The market for a large, centrally-located skating rink also includes Greater Cincinnati’s two adult and two youth roller derby teams, which could provide regular rental income to the Cincinnati Recreation Commission if a rink were large enough for a regulation roller derby track. Unlike the banked-track roller derby teams of the 1970s, most teams today can practice and play on almost any flat surface large enough for a taped or painted 75-by-108-foot oval track (8,100+ square feet). Seattle, for example, has painted permanent roller derby lines in their community centers to accommodate their local teams.

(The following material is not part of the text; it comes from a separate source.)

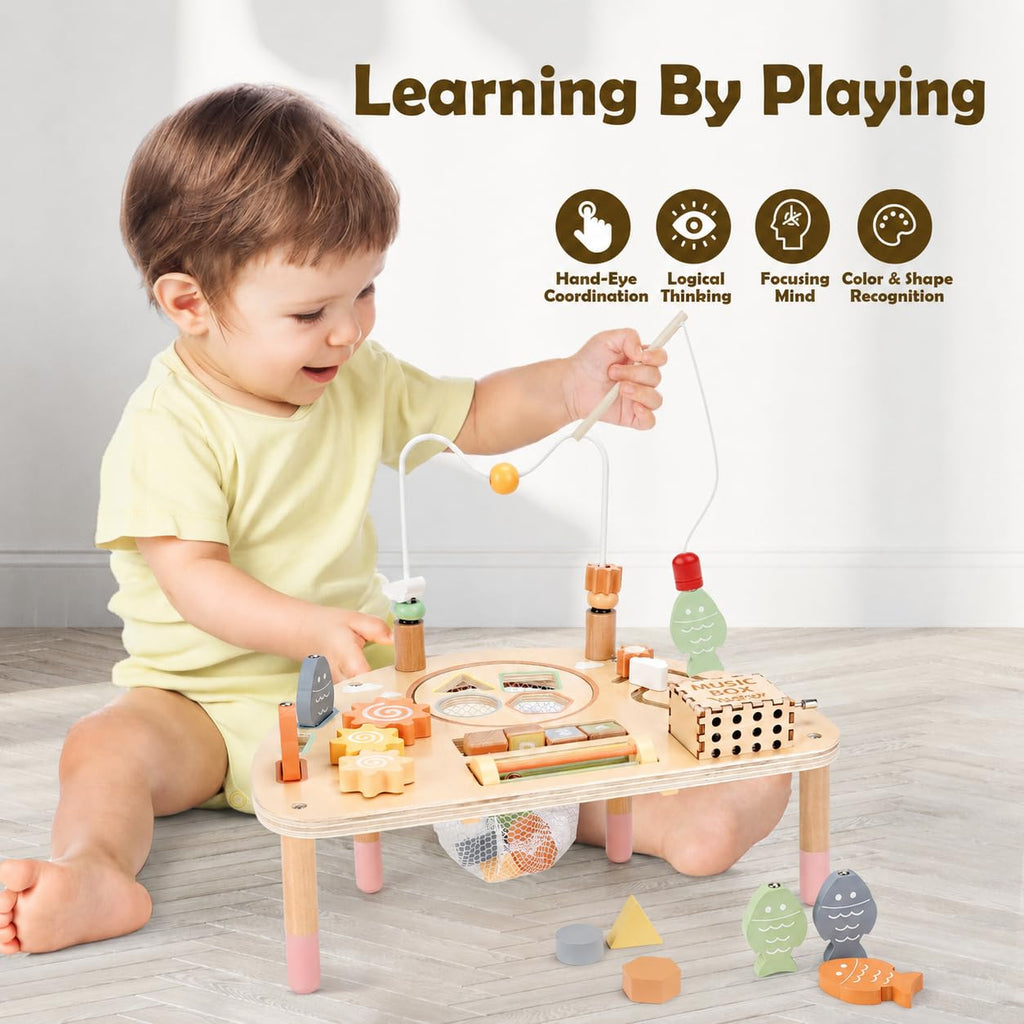 Vanplay 8 in 1 Wooden Activity Table, Montessori Toys for 2 Year Old Gift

As an amateur, skater-owned and -operated team without our own facility, we are in dire need of practice space. The Place is the only local rink with availability for us, and we can only practice there twice a week rather than our preferred three times a week. Warehouse space has become prohibitively expensive. And in 2016, we lost our home of 10 years, the Cincinnati Gardens, when the Port of Greater Cincinnati Development Authority purchased it and demolished it to make way for a manufacturing facility that has yet to materialize. A larger OTR rink could provide us not only with additional practice space but also additional opportunities to teach roller skating and roller derby to the community through classes, boot camps and other events.

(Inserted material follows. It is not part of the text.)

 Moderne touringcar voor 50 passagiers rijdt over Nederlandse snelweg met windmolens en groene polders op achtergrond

We understand that a skating rink is just one of many factors that the Cincinnati Recreation Commission must consider as it continues to refine plans for the new rec center and that we are just one of many groups giving input on those plans. But as you move forward, we urge you to keep in mind the passion and dedication of the local roller skating and roller derby communities and our potential to regularly fill a rink in OTR. For us, roller skating is more than just a hobby. It is freedom and it is joy. It is art and it is sport. It is history and it is the future. And we hope that its future will include Over-the-Rhine.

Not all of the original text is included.